Open Geospatial Consortium

Submission Date: 2020-05-22

Approval Date:   2020-06-05

Publication Date:   2020-07-22

External identifier of this OGC® document: http://www.opengis.net/doc/WP/GeoDataSci

Internal reference number of this OGC® document:  20-001r2 

Category: OGC® White Paper

Editor:  George Percivall

Geospatial Data Science

Copyright notice

Copyright © 2020 Open Geospatial Consortium

To obtain additional rights of use, visit http://www.opengeospatial.org/legal/

Warning

This document is not an OGC Standard. This document is an OGC White Paper and is therefore not an official position of the OGC membership. It is distributed for review and comment. It is subject to change without notice and may not be referred to as an OGC Standard. Further, an OGC White Paper should not be referenced as required or mandatory technology in procurements.

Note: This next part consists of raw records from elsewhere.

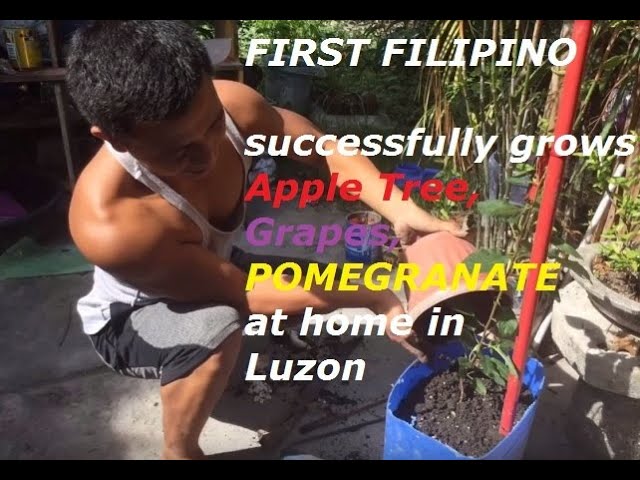 APPLE TREE,GRAPES,  POMEGRANATE IN THE PHILIPPINES l   THE FIRST APPLE TREE,  IN LUZON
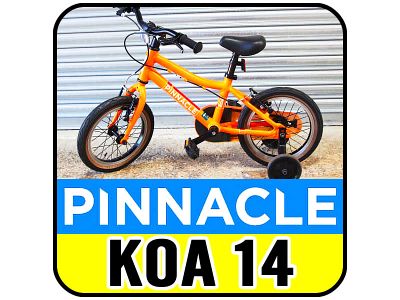 Pinnacle Koa 14 inch Kids Bike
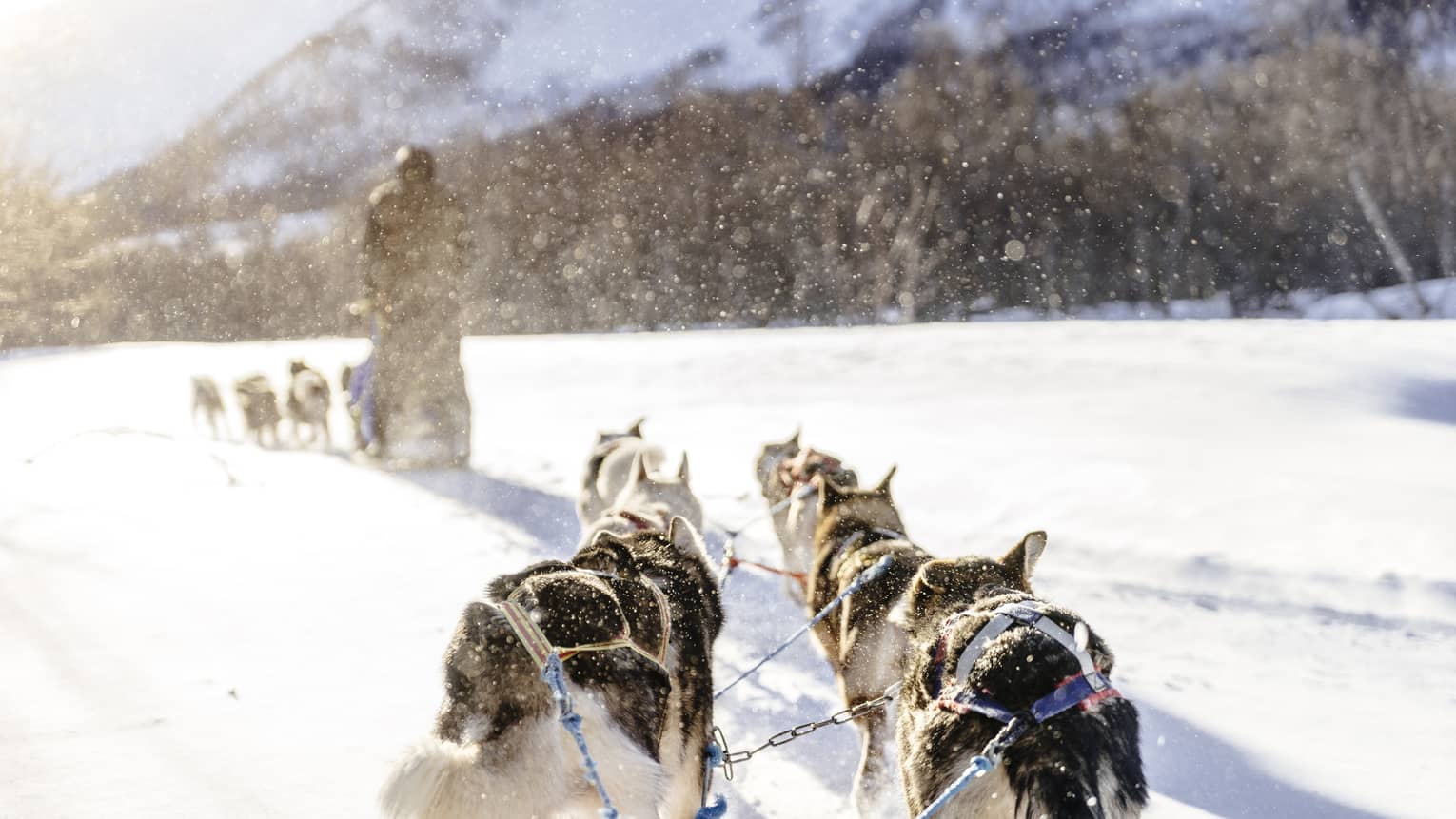 A group of dogs pulling a man on a sled over white snow, with trees and mountains in the distance.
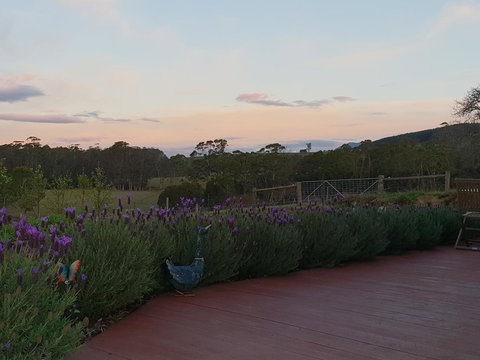 Lockleigh Park - Mackay Tourism 23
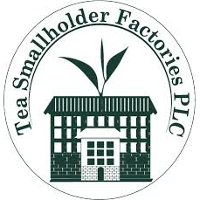 Tea Small Holders Factories PLC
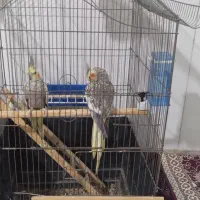 جفت عروس شرط تخم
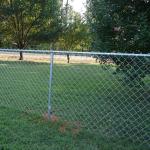 Hot Dipped Galvanized Chain Link Fence PVC Coated 50ft Length for sale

Document type:    OGC® White Paper

Document subtype:

Document stage:    Approved

Document language:  English

License Agreement

Permission is hereby granted by the Open Geospatial Consortium, ("Licensor"), free of charge and subject to the terms set forth below, to any person obtaining a copy of this Intellectual Property and any associated documentation, to deal in the Intellectual Property without restriction (except as set forth below), including without limitation the rights to implement, use, copy, modify, merge, publish, distribute, and/or sublicense copies of the Intellectual Property, and to permit persons to whom the Intellectual Property is furnished to do so, provided that all copyright notices on the intellectual property are retained intact and that each person to whom the Intellectual Property is furnished agrees to the terms of this Agreement.

If you modify the Intellectual Property, all copies of the modified Intellectual Property must include, in addition to the above copyright notice, a notice that the Intellectual Property includes modifications that have not been approved or adopted by LICENSOR.

THIS LICENSE IS A COPYRIGHT LICENSE ONLY, AND DOES NOT CONVEY ANY RIGHTS UNDER ANY PATENTS THAT MAY BE IN FORCE ANYWHERE IN THE WORLD.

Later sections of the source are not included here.